Work instructions: Transcribe the records in full, keeping every word exactly as given.

Source information:
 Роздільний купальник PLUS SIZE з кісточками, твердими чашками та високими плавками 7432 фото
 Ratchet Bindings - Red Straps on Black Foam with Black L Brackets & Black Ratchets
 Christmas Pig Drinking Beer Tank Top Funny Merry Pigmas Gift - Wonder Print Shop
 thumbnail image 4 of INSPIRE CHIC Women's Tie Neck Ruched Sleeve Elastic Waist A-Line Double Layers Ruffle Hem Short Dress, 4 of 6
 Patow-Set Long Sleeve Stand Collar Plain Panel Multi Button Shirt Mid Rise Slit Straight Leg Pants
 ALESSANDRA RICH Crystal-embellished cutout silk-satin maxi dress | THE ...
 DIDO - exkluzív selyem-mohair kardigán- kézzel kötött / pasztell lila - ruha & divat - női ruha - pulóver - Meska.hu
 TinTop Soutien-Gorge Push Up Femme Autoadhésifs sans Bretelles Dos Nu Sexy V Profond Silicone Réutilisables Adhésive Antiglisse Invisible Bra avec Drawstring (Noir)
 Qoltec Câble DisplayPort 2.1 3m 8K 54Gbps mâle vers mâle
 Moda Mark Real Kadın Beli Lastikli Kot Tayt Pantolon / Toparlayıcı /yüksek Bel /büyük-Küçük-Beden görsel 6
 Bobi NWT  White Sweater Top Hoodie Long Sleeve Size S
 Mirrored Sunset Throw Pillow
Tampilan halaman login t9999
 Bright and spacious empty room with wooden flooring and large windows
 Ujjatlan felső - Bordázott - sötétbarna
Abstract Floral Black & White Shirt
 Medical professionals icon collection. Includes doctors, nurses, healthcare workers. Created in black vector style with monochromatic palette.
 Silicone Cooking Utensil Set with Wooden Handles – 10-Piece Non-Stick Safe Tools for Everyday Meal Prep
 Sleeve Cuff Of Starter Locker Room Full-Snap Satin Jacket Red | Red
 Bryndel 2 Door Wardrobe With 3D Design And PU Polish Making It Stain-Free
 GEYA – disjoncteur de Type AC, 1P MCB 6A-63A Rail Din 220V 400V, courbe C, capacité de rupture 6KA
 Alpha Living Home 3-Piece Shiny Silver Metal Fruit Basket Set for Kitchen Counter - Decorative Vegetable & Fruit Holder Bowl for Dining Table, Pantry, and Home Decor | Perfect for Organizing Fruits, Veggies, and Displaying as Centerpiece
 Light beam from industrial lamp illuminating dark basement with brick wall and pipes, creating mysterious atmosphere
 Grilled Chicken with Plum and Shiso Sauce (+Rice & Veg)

Task result:
 Роздільний купальник PLUS SIZE з кісточками, твердими чашками та високими плавками 7432 фото
 Ratchet Bindings - Red Straps on Black Foam with Black L Brackets & Black Ratchets
 Christmas Pig Drinking Beer Tank Top Funny Merry Pigmas Gift - Wonder Print Shop
 thumbnail image 4 of INSPIRE CHIC Women's Tie Neck Ruched Sleeve Elastic Waist A-Line Double Layers Ruffle Hem Short Dress, 4 of 6
 Patow-Set Long Sleeve Stand Collar Plain Panel Multi Button Shirt Mid Rise Slit Straight Leg Pants
 ALESSANDRA RICH Crystal-embellished cutout silk-satin maxi dress | THE ...
 DIDO - exkluzív selyem-mohair kardigán- kézzel kötött / pasztell lila - ruha & divat - női ruha - pulóver - Meska.hu
 TinTop Soutien-Gorge Push Up Femme Autoadhésifs sans Bretelles Dos Nu Sexy V Profond Silicone Réutilisables Adhésive Antiglisse Invisible Bra avec Drawstring (Noir)
 Qoltec Câble DisplayPort 2.1 3m 8K 54Gbps mâle vers mâle
 Moda Mark Real Kadın Beli Lastikli Kot Tayt Pantolon / Toparlayıcı /yüksek Bel /büyük-Küçük-Beden görsel 6
 Bobi NWT  White Sweater Top Hoodie Long Sleeve Size S
 Mirrored Sunset Throw Pillow
Tampilan halaman login t9999
 Bright and spacious empty room with wooden flooring and large windows
 Ujjatlan felső - Bordázott - sötétbarna
Abstract Floral Black & White Shirt
 Medical professionals icon collection. Includes doctors, nurses, healthcare workers. Created in black vector style with monochromatic palette.
 Silicone Cooking Utensil Set with Wooden Handles – 10-Piece Non-Stick Safe Tools for Everyday Meal Prep
 Sleeve Cuff Of Starter Locker Room Full-Snap Satin Jacket Red | Red
 Bryndel 2 Door Wardrobe With 3D Design And PU Polish Making It Stain-Free
 GEYA – disjoncteur de Type AC, 1P MCB 6A-63A Rail Din 220V 400V, courbe C, capacité de rupture 6KA
 Alpha Living Home 3-Piece Shiny Silver Metal Fruit Basket Set for Kitchen Counter - Decorative Vegetable & Fruit Holder Bowl for Dining Table, Pantry, and Home Decor | Perfect for Organizing Fruits, Veggies, and Displaying as Centerpiece
 Light beam from industrial lamp illuminating dark basement with brick wall and pipes, creating mysterious atmosphere
 Grilled Chicken with Plum and Shiso Sauce (+Rice & Veg)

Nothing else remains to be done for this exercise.